Copy the records below verbatim, from the first line through the line containing "Other Breeds, Mare, 4 years, 15.2 hh, Brown", inclusive, and output nothing else.

= = =

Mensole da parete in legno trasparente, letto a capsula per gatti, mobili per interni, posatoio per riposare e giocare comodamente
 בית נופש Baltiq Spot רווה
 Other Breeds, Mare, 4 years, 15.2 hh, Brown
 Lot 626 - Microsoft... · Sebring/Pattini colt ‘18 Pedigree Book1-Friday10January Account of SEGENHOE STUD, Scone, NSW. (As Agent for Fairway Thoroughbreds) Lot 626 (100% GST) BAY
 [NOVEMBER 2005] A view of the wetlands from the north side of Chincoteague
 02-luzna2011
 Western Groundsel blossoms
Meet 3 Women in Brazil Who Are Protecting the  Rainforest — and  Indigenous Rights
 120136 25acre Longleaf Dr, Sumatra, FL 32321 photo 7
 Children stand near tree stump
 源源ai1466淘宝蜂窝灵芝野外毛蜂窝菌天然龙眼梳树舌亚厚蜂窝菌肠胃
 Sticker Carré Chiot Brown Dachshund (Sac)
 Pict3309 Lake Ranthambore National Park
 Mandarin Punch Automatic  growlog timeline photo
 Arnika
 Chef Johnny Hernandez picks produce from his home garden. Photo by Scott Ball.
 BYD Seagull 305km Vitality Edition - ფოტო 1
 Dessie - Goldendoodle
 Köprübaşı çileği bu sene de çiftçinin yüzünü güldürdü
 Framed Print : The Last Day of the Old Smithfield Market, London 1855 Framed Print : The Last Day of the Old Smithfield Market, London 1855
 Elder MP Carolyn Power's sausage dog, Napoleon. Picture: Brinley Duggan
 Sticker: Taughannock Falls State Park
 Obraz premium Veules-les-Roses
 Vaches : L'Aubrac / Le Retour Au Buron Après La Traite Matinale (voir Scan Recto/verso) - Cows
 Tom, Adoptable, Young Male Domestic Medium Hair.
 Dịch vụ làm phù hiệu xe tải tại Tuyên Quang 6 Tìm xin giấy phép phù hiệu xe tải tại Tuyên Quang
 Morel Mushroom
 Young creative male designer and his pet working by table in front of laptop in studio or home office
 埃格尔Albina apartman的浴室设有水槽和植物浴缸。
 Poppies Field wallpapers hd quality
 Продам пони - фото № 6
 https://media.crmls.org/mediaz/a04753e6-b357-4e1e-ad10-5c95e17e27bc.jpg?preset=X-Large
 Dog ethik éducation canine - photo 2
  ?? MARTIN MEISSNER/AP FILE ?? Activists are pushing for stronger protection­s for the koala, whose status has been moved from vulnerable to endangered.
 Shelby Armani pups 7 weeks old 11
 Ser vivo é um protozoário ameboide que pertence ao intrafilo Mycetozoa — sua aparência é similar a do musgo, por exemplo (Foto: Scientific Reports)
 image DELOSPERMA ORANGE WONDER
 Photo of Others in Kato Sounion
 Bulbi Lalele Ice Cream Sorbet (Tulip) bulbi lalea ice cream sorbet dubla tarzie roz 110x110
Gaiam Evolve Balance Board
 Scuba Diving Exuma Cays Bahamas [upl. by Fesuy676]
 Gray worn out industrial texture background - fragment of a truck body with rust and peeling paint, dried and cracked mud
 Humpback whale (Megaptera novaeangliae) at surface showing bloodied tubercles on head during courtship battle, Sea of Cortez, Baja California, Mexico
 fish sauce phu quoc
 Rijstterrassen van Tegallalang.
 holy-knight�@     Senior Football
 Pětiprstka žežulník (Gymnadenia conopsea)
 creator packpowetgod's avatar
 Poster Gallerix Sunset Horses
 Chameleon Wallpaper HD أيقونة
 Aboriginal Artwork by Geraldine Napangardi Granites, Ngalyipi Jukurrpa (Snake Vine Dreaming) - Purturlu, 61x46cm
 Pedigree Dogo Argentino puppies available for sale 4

= = =

_WRITTEN ANSWER_.
Mensole da parete in legno trasparente, letto a capsula per gatti, mobili per interni, posatoio per riposare e giocare comodamente
 בית נופש Baltiq Spot רווה
 Other Breeds, Mare, 4 years, 15.2 hh, Brown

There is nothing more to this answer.